Piloten der Interflug begingen teilweise Selbstmord, als sie nach der Wiedervereinigung nicht mehr kommerziell fliegen durften. Können Sie das nachvollziehen?
Es fällt mir schwer, zu glauben, dass dies der alleinige Grund war.

Wie sehr helfen bei der Umstellung Frau und Familie?
Wenn notwendig, kann diese Hilfe sehr wichtig sein. Es war aber, glaube ich, bei mir kaum nötig. Ich hatte ja bewusst entschieden, wann und dass ich aufhöre. Das erleichtert vieles.

Ich habe in einem Video gesehen, dass Sie sich einen Bart stehen ließen. Hat es auch ganz praktische Vorteile, nicht mehr repräsentieren zu müssen?
Allerdings. Aber das hat nichts mit dem "Goatie" zu tun. Ich brauche keine Anzüge mehr, keine feinen Klamotten, keine Krawatte. Herrlich!

"Als Fluggast bin ich sehr kritisch"

Wenn Sie heute als Fluggast mitfliegen, wie ist das?
Ich sitze entspannt in meinem Sitz, bekomme aber alles mit und bin total alert. Und sehr kritisch.

Gab es schon den Punkt, an dem Sie von jüngeren Kollegen nicht mehr erkannt wurden? Wie war das?
Ja, das gab es. Das ist aber ganz normal.

Die Kollegen nutzen heute vielfach Instagram und andere soziale Medien, um ihre Arbeit darzustellen. Wie finden Sie das?
Kann dem nichts abgewinnen. Was soll das?

Verschleiert diese sehr sonnige Darstellung auch Schattenseiten des Pilotendaseins?
Mit Sicherheit. Die Medaille hat immer zwei Seiten.

Die Kollegen bekommen in den Sozialen Medien sehr viel Zuspruch. Muss man gerade jungen Kollegen klarmachen, dass dies nicht ihrer Person, sondern vielmehr ihrer Funktion geschuldet ist?
Das kann nicht schaden.

Lizenz zum Fliegen

Ist daher die Angst fluguntauglich zu werden so groß, weil damit ein Bedeutungsverlust der eigenen Person zwingend einhergeht?
Nein, sondern weil die Berufsaussichten als arbeitsloser Pilot sehr dezimiert sind. Bei Licht betrachtet, hat man ja nur eine Lizenz zum Fliegen, die beim Grounding nichts mehr nützt.
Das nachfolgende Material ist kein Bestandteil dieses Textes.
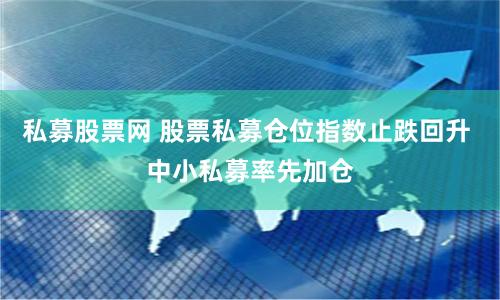私募股票网 股票私募仓位指数止跌回升 中小私募率先加仓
2015 führte der Erste Offizier einer Germanwings-Maschine einen Absturz in den französischen Alpen herbei. Er hätte, wie sich danach herausstellte, aus medizinischen Gründen nicht mehr fliegen sollen, alle Insassen starben bei dem Absturz. Was fühlten Sie damals?
Ich konnte das zunächst nicht glauben. Und hätte das im Lufthansa-Umfeld nicht für möglich gehalten. Natürlich war ich schockiert.
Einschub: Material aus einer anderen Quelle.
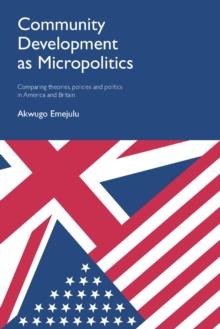 Community development as micropolitics : Comparing theories, policies and politics in America and Britain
Sie gehören noch zu den „goldenen“ Jahrgängen mit einer sehr guten Entlohnung. Wie wird die inzwischen sinkende Honorierung in der Branche das Bewerberangebot ändern?
Meine Lehrgangskollegen und ich haben sich damals nicht aus finanziellen Gründen für diesen Beruf entschieden. Meine Erfahrungen und Kontakte sagen mir, dass das heute immer noch mehrheitlich der Fall ist.

Was fliegen Sie heute selbst?
Nichts.

Sie waren an der Einführung des A380 bei der Lufthansa federführend beteiligt. Wie sehr reizt es Sie, mal wieder ein großes Verkehrsflugzeug zu fliegen?
Einen Trainings- oder Promotionflug würde ich gerne nochmal machen. Aber Entzugserscheinungen habe ich keine. Und damit auch keine Simulatorsession nötig. Ich hatte eine klasse Zeit, aber sie ist eben Historie. Wie bei einem Buch, in dem wieder ein Kapitel zugeklappt ist.